Miller Fisher tap test

Easy, rapid, cheap

High rate of false negative

Pre & post LP            - neuropsych for frontal lobe function

      - gait: ambulation velocity, up & go test, postural stability.

For more information, see section on Miller Fisher Test.

 

MRI

Flow void in aqueduct

White matter hyperintensities

 

Continuous Lumbar Drain

150-200 ml/d drainage for 3 days

complications: radicular inflammation, meningitis

sensitivity 97%, specificity 60%

 

SPECT Cerebral blood flow

No good correlate between changes in cerebral blood flow and outcome after shunting

Even pre & post LP will not provide helpful pre-op prediction

 

ICP monitoring

A waves & excess B waves correlates well with good outcome post surgery

Can be done in conjunction with Diamox challenge test

 

ICP <10 mm Hg is normal

Severe or uncontrolled when ICP>40 mm Hg for >15 minutes

 

A waves or plateau waves

Large increases above baseline to max 50-100 mm Hg for 5-20 min

Associated with ICP>20 & with neurological symptoms related to pressure

As baseline ICP increases, A waves increase in magnitude & frequency

Indicate intracranial spatial compensation has been exhausted

Associated with increased cerebral blood volume and decreased cerebral blood flow

 

B waves

Rhythmic oscillations about every minute with amplitude max of 50 mm Hg

Partly related to depression of consciousness

Often found in association with periodic breathing

May disappear with mechanical ventilation

 

C waves

Rhythmic oscillations up to 20 mm Hg with frequency of 4-8/minute

Associated with Traube-Herring-Mayer blood pressure waves.

 

A waves important, B & C waves of little usefulness in patient management.

 

Lumbar infusion tests +/- computer modeling

Measures of resistance or conductance

Mixed results in predicting outcome

 

CONCLUSIONS

 

Shunt responsiveness (50-70 % accuracy)

short history

known cause of hydrocephalus

predominance of gait disorders

CT showing hydrocephalus

A waves & excess B waves

 

Shunt unresponsiveness

Predominantly demented

Substantial cortical atrophy

Extensive white matter involvement

 

When doubts persist after clinical, CT, MRI & tap test; perform lumbar drainage and to shunt only if unequivocal clinical improvement.

 

Therapeutic nihilism vs shunt every patient: which is best test?

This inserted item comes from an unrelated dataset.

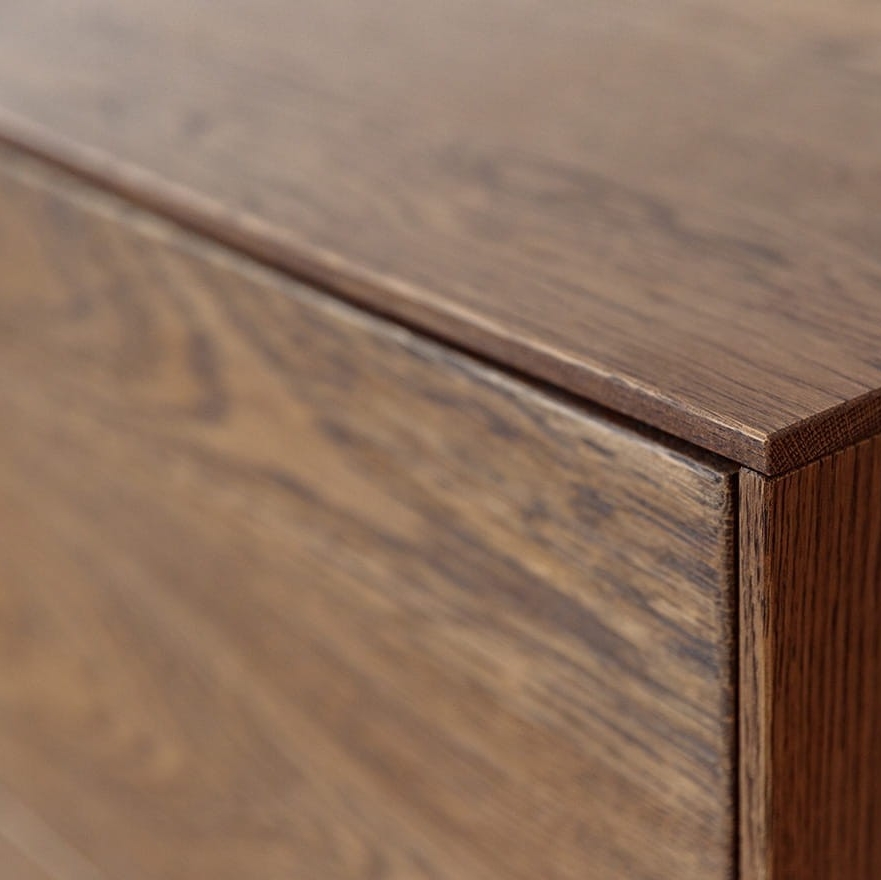 szafka-rtv-komoda-drewniana-collodi-tabacco-z-litego-drewna-dzikiego-debu-olejowana-przeszklona-nowoczesna (16)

N=166 consecutive patients with clinical & CT criteria shunted

36% overall improvement

21% substantial improvement

Acute complication rate post shunt: 28%

Death or severe residual morbidity 7%

Cumulative complication rate post shunt: 5%/yr

Conclusion: more harm than good is done by subjecting most NPH patients to a shunt procedure.

Vanneste J et al            Shunting normal pressure hydrocephalus: Do the benefits outweigh the risks? A multicentre study and literature review.             Neurology 1992; 42:55-59.